### TO DO
Report each line of the records below that uses the word "Vintage".
[[ INPUT MATERIAL, beginning ]]
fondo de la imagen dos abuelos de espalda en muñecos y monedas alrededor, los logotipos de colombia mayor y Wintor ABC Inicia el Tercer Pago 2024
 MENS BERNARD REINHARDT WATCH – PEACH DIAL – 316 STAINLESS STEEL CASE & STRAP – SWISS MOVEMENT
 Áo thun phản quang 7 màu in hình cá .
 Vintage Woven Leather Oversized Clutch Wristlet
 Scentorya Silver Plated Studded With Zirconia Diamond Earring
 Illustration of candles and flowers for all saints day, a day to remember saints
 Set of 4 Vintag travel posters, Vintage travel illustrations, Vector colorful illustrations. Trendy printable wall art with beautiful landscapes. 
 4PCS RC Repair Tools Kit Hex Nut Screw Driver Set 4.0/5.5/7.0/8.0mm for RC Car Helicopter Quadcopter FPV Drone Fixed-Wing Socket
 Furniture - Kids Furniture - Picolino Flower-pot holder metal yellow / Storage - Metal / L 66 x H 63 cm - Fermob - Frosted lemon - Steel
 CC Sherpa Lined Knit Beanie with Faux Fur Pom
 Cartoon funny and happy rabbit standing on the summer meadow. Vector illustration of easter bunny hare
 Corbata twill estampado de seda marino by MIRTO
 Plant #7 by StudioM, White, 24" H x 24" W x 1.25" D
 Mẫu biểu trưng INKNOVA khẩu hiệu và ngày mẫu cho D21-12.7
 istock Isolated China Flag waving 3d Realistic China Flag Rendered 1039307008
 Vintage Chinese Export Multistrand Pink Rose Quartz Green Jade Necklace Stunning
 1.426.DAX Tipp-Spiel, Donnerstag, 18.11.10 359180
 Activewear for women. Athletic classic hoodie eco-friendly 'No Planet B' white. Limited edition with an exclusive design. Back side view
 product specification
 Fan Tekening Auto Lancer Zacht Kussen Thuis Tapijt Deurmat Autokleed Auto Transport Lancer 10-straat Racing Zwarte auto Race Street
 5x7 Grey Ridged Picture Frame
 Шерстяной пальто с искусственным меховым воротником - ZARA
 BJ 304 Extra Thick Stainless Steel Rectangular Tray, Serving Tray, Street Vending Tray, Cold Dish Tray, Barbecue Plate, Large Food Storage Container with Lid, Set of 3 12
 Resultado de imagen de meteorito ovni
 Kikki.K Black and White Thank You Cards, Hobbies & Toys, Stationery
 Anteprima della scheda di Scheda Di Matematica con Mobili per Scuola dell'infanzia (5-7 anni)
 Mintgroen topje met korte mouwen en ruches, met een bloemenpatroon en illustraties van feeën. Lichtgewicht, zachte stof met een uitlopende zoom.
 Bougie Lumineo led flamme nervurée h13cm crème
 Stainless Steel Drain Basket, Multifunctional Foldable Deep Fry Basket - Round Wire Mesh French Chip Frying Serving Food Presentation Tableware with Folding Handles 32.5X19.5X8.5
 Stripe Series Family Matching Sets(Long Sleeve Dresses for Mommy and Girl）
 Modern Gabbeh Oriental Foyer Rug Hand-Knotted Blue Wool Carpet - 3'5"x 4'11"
[[ INPUT MATERIAL, end ]]
### OUTPUT OF THE EXERCISE
 Vintage Woven Leather Oversized Clutch Wristlet
 Set of 4 Vintag travel posters, Vintage travel illustrations, Vector colorful illustrations. Trendy printable wall art with beautiful landscapes. 
 Vintage Chinese Export Multistrand Pink Rose Quartz Green Jade Necklace Stunning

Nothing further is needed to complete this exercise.